Note the following about the pkgdiff cache:
To access the cache, the computer pkgdiff is running on must have access to the internet and, specifically, Github. If your machine is isolated from the internet, or blocked from Github, pkgdiff will error.
The cache does not contain all CRAN packages. It contains packages that exceed 1000 downloads per month. These packages constitute approximately 20% of the top CRAN downloads, or about 4000 packages. For most R users, any package you might be interested in will be included in this subset.
To find out which packages are in the pkgdiff
cache, you may call the function pkg_cache()
. See the
documentation of that function for additional information.
If a package is not in the cache, all pkgdiff functions will still work. However, they will be much slower than packages that are included in the cache.
You may request that a package be added to the cache by submitting an issue to the pkgdiff issue log here.
Observe that the pkg_info()
function also returns a
parameter on whether or not the selected package is in the cache. It is
recommended to run pkg_info()
or pkg_cache()
first, and check if the package is in the cache before running
pkg_stability()
.
If a package is not in the cache, you may speed up
pkg_stability()
by setting either the “releases” or
“months” parameters. Either of these parameters will limit the scope of
the call to pkg_stability()
. For example, if a package has
a lifespan of 10 years, you can greatly reduce the amount of stability
processing by reducing the comparison period to 36 months instead of the
entire 10 years. Do note, however, that such scope reductions may also
have an effect on the calculated score and assessment.

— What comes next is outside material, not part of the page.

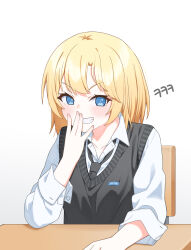 1girl absurdres black_neckerchief black_sweater_vest blonde_hair blue_eyes chinatsu_(kimi_no_yoru) collarbone collared_shirt desk grin hand_to_own_mouth highres hololive hololive_english kimi_no_yoru_ni_fureru laughing long_sleeves looking_at_viewer medium_hair neckerchief ojou-sama_pose partially_unbuttoned school_desk school_uniform shirt sitting sleeves_rolled_up smile smug solo sweater_vest ugaaaa1 virtual_youtuber watson_amelia white_background white_shirt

The package cache is updated periodically, usually every day. The update looks for new versions of packages that are already in the cache. If a new version is found, the update routine will add the new version to the stored infos for that package, and also update the stability data. The update routine also looks for new packages that have recently met the 1000 downloads per month threshold. If such a package is found, it will be added to the cache automatically. Packages that fall below the 1000 downloads per month threshold are not removed. Once a package has been added to the cache, it will be retained indefinitely.